Areas for Action
Experiment
Jethro Gillespie, Art Educator, Maple Mountain High School; ART21 Educator — Spanish Fork, UT
Oliver Herring, Artist; ART21 Board of Trustees — New York, NY
Areas for Action was first performed by artist Oliver Herring in 2010 as a series of participatory performances, improvisatory sculptures and real-time collaborative artworks. In this experiment, Creative Chemistries attendees and students in Jethro Gillespie’s Maple Mountain High School Class restaged the performance, transforming themselves into temporary living sculptures. Using aluminum foil, tape and photographs, the group collaboratively experimented with what it means to be and make art.
“My experience facilitating an experiment with Oliver Herring was singular and meaningful. I was able to bring nine of my high school students with me to participate in a version of Oliver’s Areas for Action. We created living, temporary sculptures using people’s bodies as the basis for playful experimentation in two arenas.
In one arena we used aluminum foil to continuously add to participants’ bodies. In the other arena we used photo fragments of body parts and taped them onto each other. This went on for almost an hour, after which Oliver and I led a debriefing session with the participants in the room about the potential connections and applications that a process like this might have in a classroom.

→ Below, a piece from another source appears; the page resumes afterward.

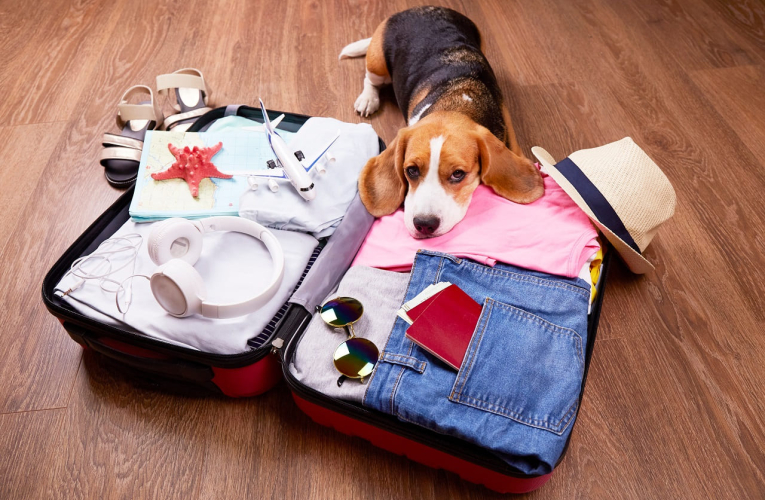 (Crédits photo : Adobe Stock - Valise prête pour des vacances sereines et réussies grâce à l'assurance)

During this dialogue, the room was primarily filled with educators and students, and personally, I found the discussion most engaging when my foil-encrusted students were the ones sharing their perspectives about how a classroom that encourages experimentation, play, and a focus on process allowed them to feel a sense of ownership and responsibility toward their own creativity and possibilities with their art projects.”
—Jethro Gillespie
“One thing I loved about being a participant of the activity is that I could create whatever I wanted with only the limitations of the materials I was given. I was able to take one idea and continue to add or build upon it, until it spiraled into somebody else’s creation. By the end of our session we had all contributed a small part of our imagination to make something outrageously magnificent.”